FOR IMMEDIATE RELEASE

Contacts: Mary E. Horgan, Pace Public Information,
914-923-2798, mhorgan@pace.edu
Richard Small, M Booth & Associates
212-481-7000, Richards@mbooth.com
Jennifer Riekert, Pace Law School Public Information,
914-422-4128, jriekert@law.pace.edu

PACE WOMEN’S JUSTICE CENTER
EXPANDS EDUCATION PROGRAM FOR BOYS
TO COMBAT DATING VIOLENCE

150 boys at Gorton High School in Yonkers to attend program, Tuesday, March 30, 2004.

WHITE PLAINS, NY – March 16, 2004 — To help reduce dating violence at its most frequent source, the Pace Women’s Justice Center (WJC) began a training program last summer for boys at private all-boys schools including Iona Prep., Fordham Prep., Archbishop Stepinac High School and Mount Saint Michael Academy, all in New York’s Westchester County and the New York City borough of the Bronx. Now the program is expanding into the public schools with an initial event at Gorton High School in Yonkers from 9:30 a.m. to 11:00 a.m. on Tuesday, March 30, 2004.

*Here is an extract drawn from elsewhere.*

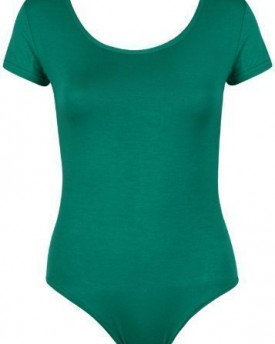 Womens-Plain-Short-Cap-Sleeve-Ladies-Popper-Stud-Fastening-Round-Scoop-Neckline-Stretch-Bodysuit-Leotard-T-Shirt-Top-Jade-Green-Size-8-10-0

“There is an epidemic of violence in our culture today,” says Victoria L. Lutz, the former Westchester senior district attorney who is the WJC executive director. She says, “Rates of violence in dating relationships among high school students have been measured at between nine and 41 percent. Among high school girls surveyed from ages 14 to 18, about 20 percent reported that they had been hit, slapped, shoved, or forced into sexual activity by a dating partner.”

“This is a male problem and it needs a male solution,” she adds.

She hopes that the programs will help boys learn about and prevent not only emotional, psychological and physical abuse, but also the sexual molestation and violent hazing in high schools that recently have been in the news.

Encouraging responsibility in teenagers is a goal of Gorton High School’s Meeting Hate with Humanity Program. The event will offer 150 11th grade-boys an intensive workshop with Lutz .The Pace Women’s Justice Center’s Teen Dating Violence Program session will include video, role playing and discussion of myths and realities.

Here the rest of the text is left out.